I recently read an article on health literacy by Uta Papen: Papen, U. (2009). Literacy, Learning and Health–A social practices view of health literacy. Literacy and Numeracy Studies: An international journal in the education and training of adults, 16(2-1), 19-34. Retrieved from https://epress.lib.uts.edu.au/journals/index.php/lnj/article/download/1275/1326.
The dominant view is that health literacy is an ability possessed by individuals (Weiss et al 1995, Baker et al 1999, Nielsen-Bohlman, Panzer and Kindig 2004, Lurie and Parker 2007). It consists of a set of competencies transferable to different contexts. Because health literacy is treated as being context-independent, it is assumed to be measurable through abstract tests. Accordingly, there is much research into patients’ levels of health literacy, this being seen as a prerequisite for developing new tools to teach health literacy. ~(Papen, 2009, p.20).

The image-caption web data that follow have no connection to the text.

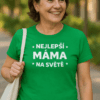 Žena v tričku s nápisem Nejlepší máma na světě, ideální dárek pro maminku.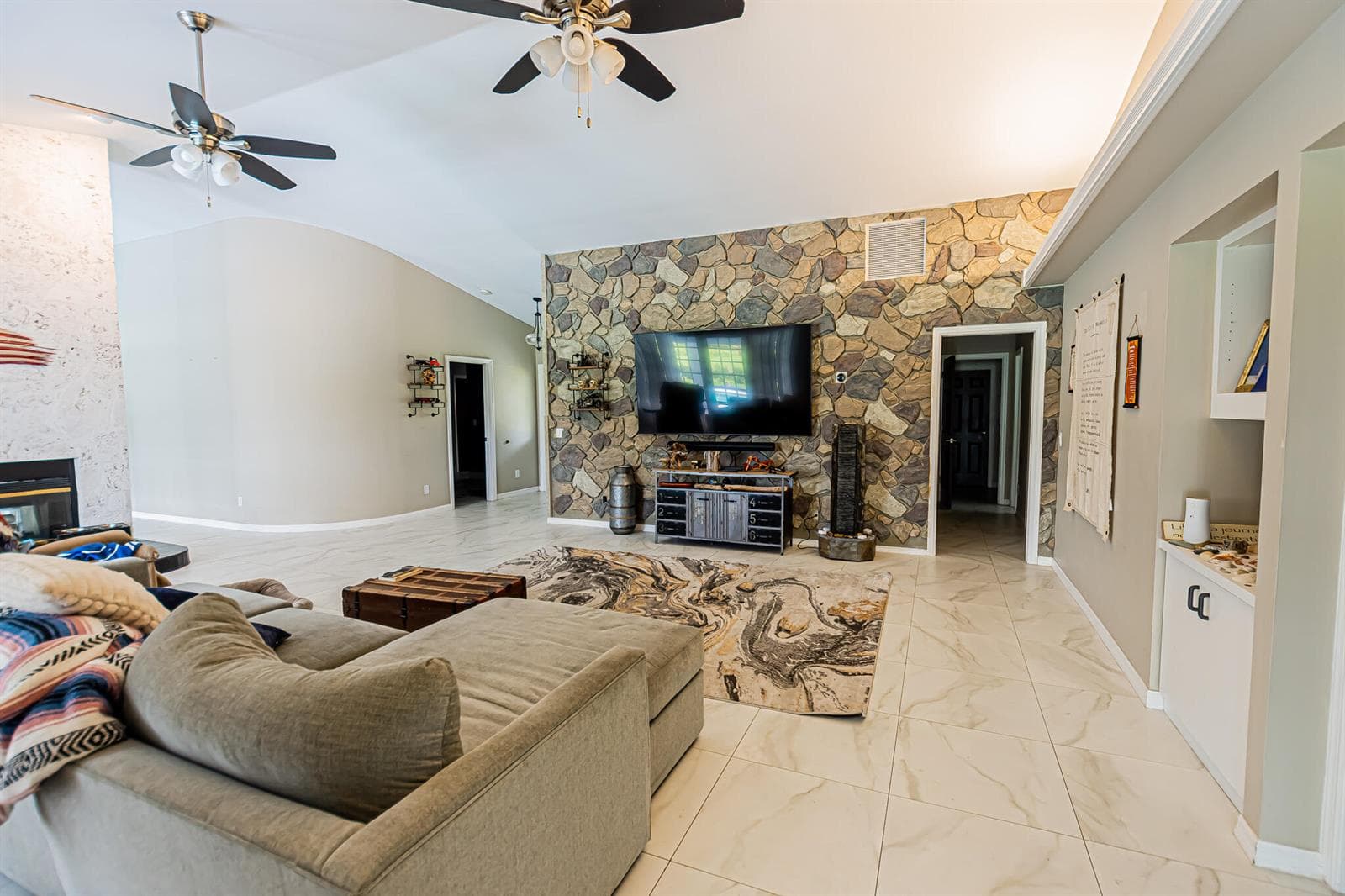 1282 SW Bent Pine Cove, Port St. Lucie FL 34986 photo 4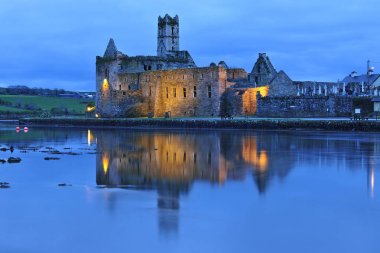 Timealogue Abbey, Co.Cork, İrlanda, alacakaranlıkta Courtmacsherry Bay durgun sularda yansıyan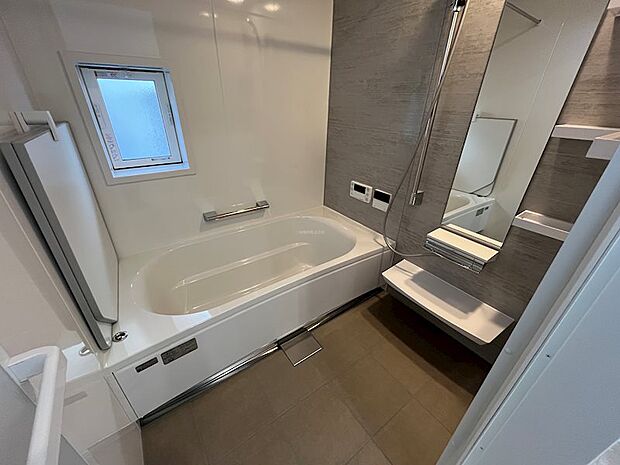 ゆったりくつろげるバスルーム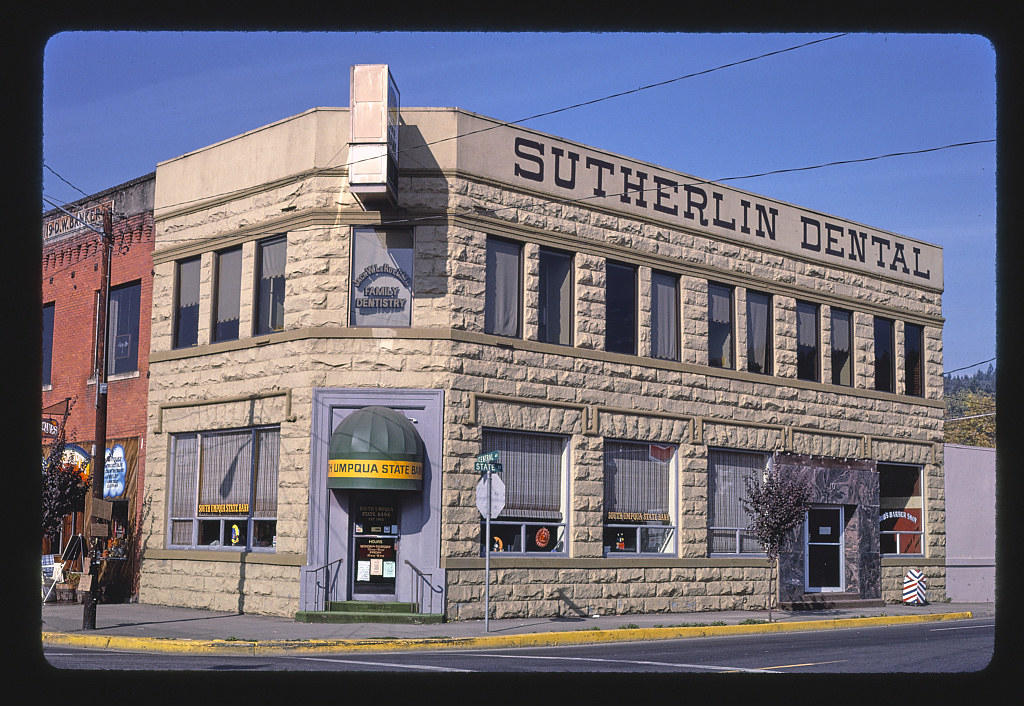 South Umpqua State Bank storefront, Sutherlin, Oregon, 1987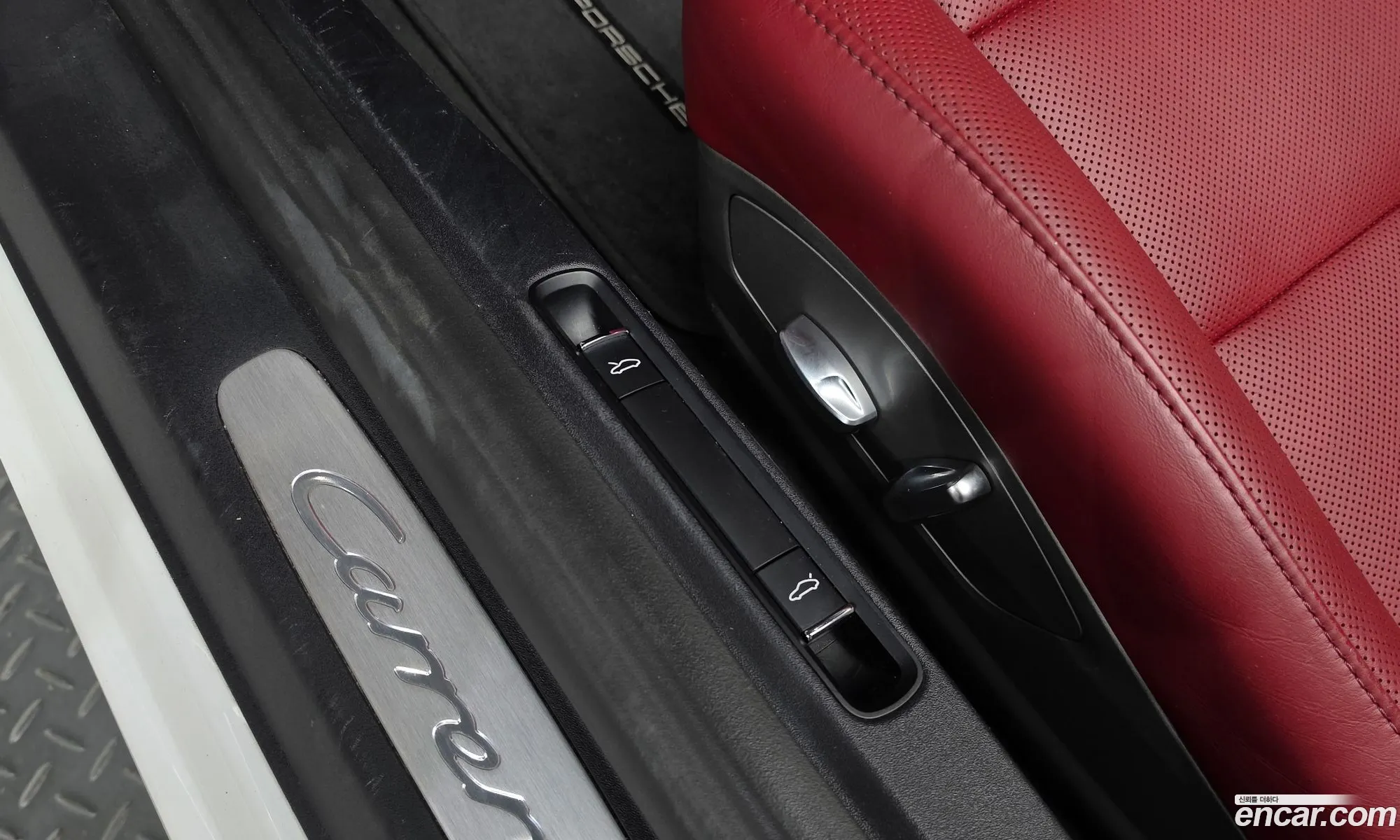 Porsche 911 2018 WP0CA2992KS129095 — 29
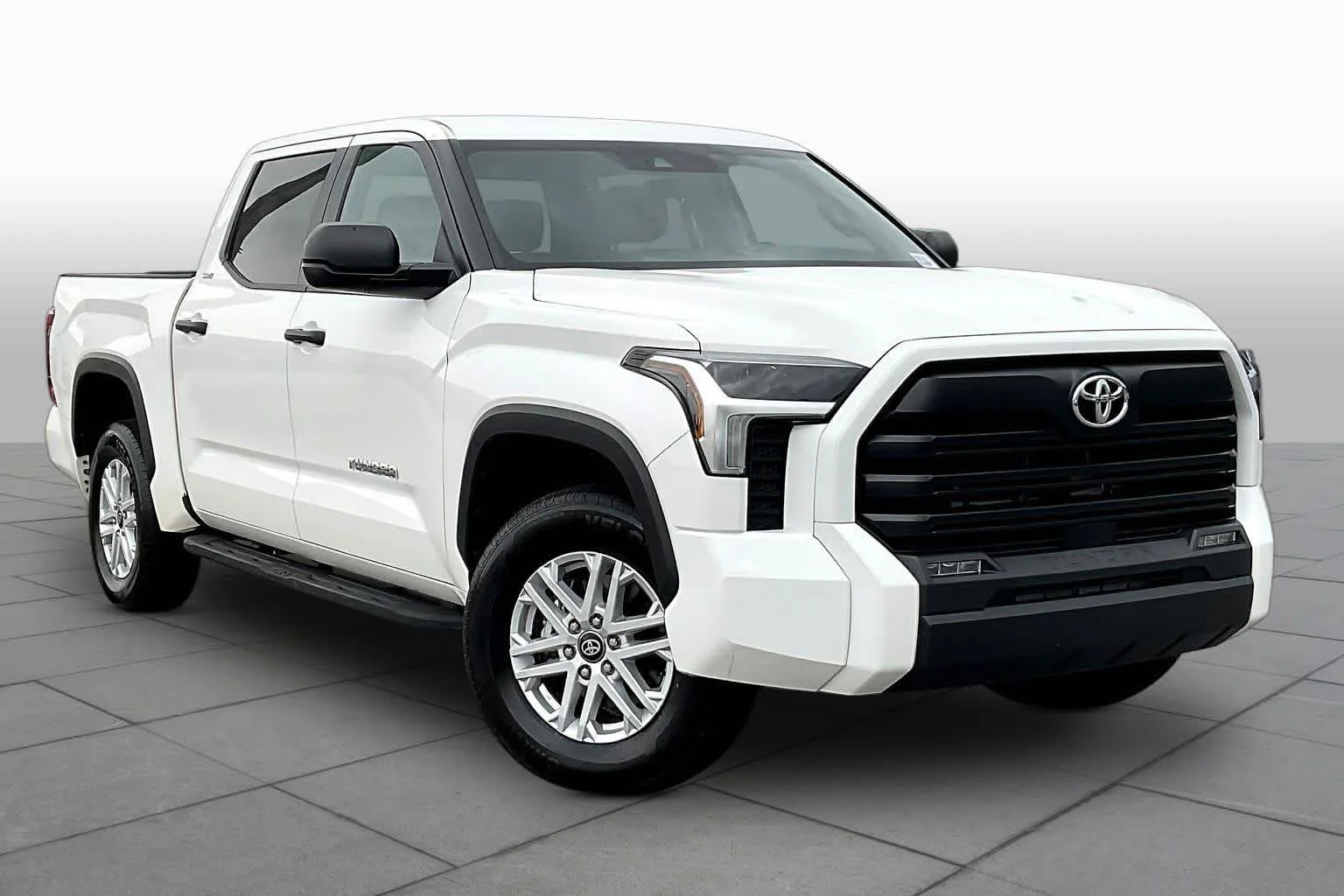 Used 2025 Ice Cap Toyota SR5 image 5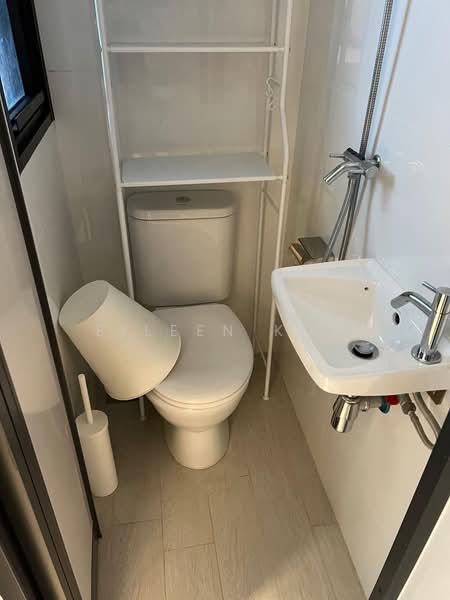 The Clement Canopy, 18 Clementi Avenue 1, 3 Bedrooms, 1,109 sqft, Condominium For Rent, by Eileen Koh, 500125594 - Bathroom - PropertyGuru.com.sg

The measurable idea is an interesting one. There are a lot of research articles that ‘measure’ health literacy. One focus of health literacy research and practice is to look at how medical terms are labeled / described and to make the language used more patient friendly. I think this is a good thing, but it is also a vary narrow aspect of what health literacy is. It only focuses on the basic reading / comprehension aspect of health literacy but does not look at health literacy from the lens of self-advocacy / self-efficacy.
Rather than the dominant (very post-positivist, anything can be measured) view, Papen takes a position on health literacy that approaches health literacy as a practice – and more specifically, a social practice.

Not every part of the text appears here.